Um aspecto seu que considero admirável é seu desapego ao poder, seja qual for a forma que este assuma. Pelo que sei, não persegue posições ou cargos. Não que os recusasse, caso surgissem em seu caminho. Mas não os busca com a sofreguidão dos alpinistas. Foi assim na universidade e fora dela. Ao poder e suas ilusórias pompas, parece-me preferir o recolhimento da vida intelectual, com o seu quê de sacerdócio e renúncia.
Professor universitário da UFPB na área de Letras (atualmente aposentado) e leitor voraz (e veraz) desde sempre, acumulou uma invejável bagagem cultural, lastro do que escreve e fala. É por isso um de nossos melhores e mais preparados intelectuais, constantemente requisitado para palestras e pronunciamentos. Sabe o que diz e tem o que dizer, com a propriedade serena dos sábios. Sua obra poética foi o tema da tese de doutoramento do professor João Batista de Brito, outro dos nossos valores, e só isso bastaria para consagrá-lo como autor.

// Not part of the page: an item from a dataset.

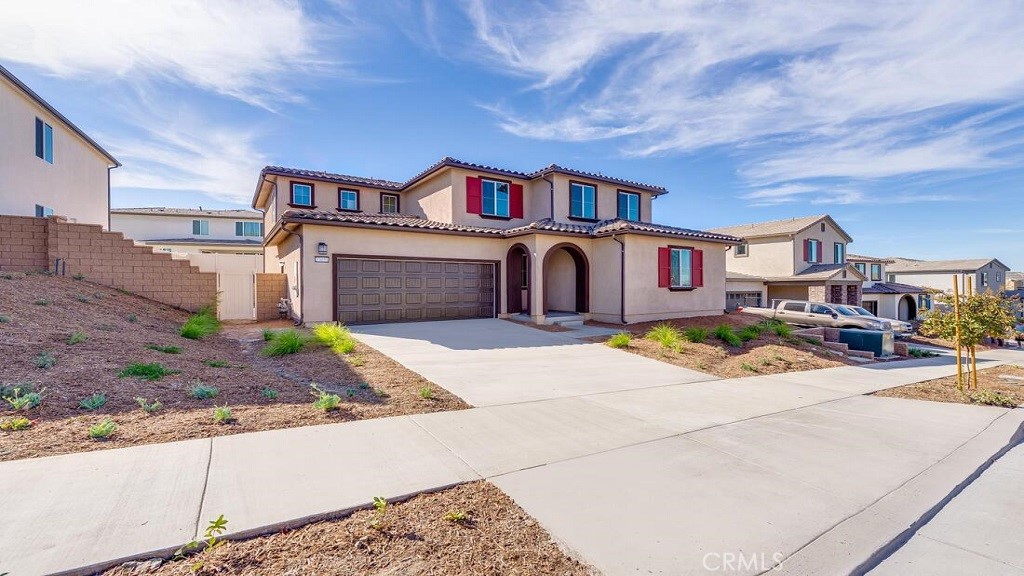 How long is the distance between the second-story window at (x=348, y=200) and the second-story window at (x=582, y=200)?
9695 mm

Interessante é que ele buscou primeiramente o Direito e só depois migrou para as letras. Assim como Virgínius da Gama e Melo, Juarez da Gama Batista, Ângela Bezerra de Castro, Hildeberto Barbosa Filho e muitos outros privilegiados que souberam descobrir e abraçar a verdadeira vocação. Luiz Augusto Crispim e Joacil de Brito Pereira, entre outros, lograram transitar bem nas duas áreas, mas Sérgio concluiu ser talhado para atuar monogamicamente na literatura, aí incluída a cátedra magisterial. Com isso, ganhou a cultura paraibana e brasileira – e ganhamos nós, seus leitores.

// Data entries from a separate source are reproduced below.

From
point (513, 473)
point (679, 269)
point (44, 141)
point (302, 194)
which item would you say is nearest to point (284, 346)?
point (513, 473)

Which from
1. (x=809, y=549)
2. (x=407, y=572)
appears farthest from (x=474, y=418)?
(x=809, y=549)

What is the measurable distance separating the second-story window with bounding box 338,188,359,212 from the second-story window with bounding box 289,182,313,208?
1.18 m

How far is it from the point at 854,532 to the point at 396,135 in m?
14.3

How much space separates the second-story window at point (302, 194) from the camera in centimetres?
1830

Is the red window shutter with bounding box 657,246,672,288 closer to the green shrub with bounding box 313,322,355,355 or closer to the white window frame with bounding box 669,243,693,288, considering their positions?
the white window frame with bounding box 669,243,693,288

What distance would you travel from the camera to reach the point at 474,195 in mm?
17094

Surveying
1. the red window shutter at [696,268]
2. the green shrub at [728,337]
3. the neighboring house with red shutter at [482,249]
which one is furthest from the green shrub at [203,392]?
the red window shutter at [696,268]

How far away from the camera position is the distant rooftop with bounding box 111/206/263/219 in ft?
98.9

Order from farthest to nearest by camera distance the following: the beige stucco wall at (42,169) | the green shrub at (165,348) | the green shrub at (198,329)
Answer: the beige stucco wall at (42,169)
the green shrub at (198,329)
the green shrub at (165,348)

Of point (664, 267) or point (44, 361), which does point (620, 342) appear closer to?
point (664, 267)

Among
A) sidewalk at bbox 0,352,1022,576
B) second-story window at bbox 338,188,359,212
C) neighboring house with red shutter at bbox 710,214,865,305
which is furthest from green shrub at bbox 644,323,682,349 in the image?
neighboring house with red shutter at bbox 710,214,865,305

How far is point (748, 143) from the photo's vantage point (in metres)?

Em O Leitor de Si Mesmo Sérgio escreve sobre outros autores que leu e que achou por bem comentar, estimulando-os com sua crítica arguta e generosa. Esse papel de divulgador de obras locais e nacionais Sérgio tem exercido com notável largueza, o que demonstra que não olha só para o próprio umbigo. É um traço de sua personalidade e do seu caráter essa abertura para outros valores, principalmente aqueles que estão começando ou ainda não obtiveram o reconhecimento devido. Essa magnanimidade o diferencia de muita gente cheia de pose e incapaz de enxergar e de falar bem do trabalho alheio.
Com a obra poética e crítica praticamente já realizada, não é favor nenhum afirmar que a posteridade de Sérgio está assegurada, na medida em que se pode assegurar o que virá quando não mais estivermos aqui. Mas é um fato: não se pode estudar as letras paraibanas da segunda metade do século XX até os nossos dias sem se atentar para a escrita de Sérgio de Castro Pinto. Muitos (a esmagadora maioria) passarão, mas ele tem muita chance de ficar, acredito. E no fim, sabemos, a posteridade é o que vale e não as gloríolas (obrigado, Welington Aguiar) passageiras e acidentais do presente.

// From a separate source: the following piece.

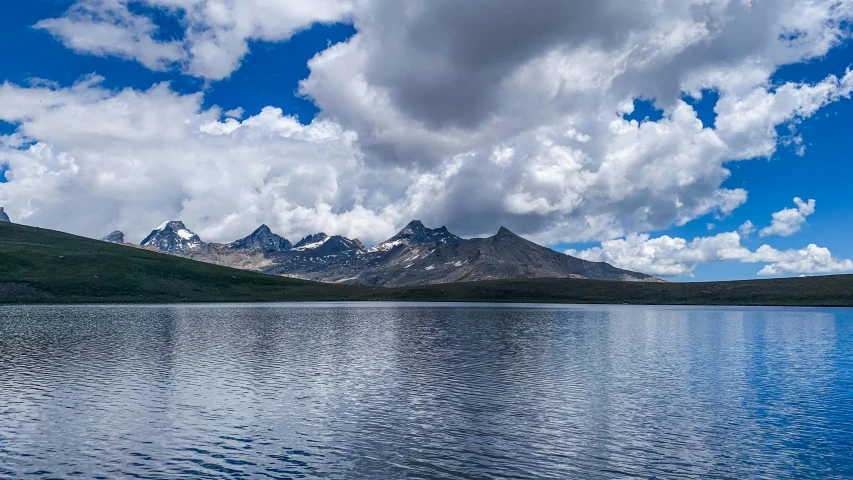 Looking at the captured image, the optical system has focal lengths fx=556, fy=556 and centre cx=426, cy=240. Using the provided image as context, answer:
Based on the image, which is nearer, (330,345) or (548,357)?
(548,357)

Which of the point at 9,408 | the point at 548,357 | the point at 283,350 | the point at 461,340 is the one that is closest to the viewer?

Vivesse num grande centro e publicasse por uma grande editora, Sérgio seria hoje um nome de real expressão nacional. É verdade que é reconhecido como grande poeta além dos muros baixos da aldeia, principalmente nos meios universitários, mas não na amplitude que seu valor merece perante o público em geral. Mas não tem nada não. Tudo isso o torna mais precioso para os leitores que o conhecem e cultivam. Sem nenhuma dúvida, seu caso é daqueles em que a raridade engrandece.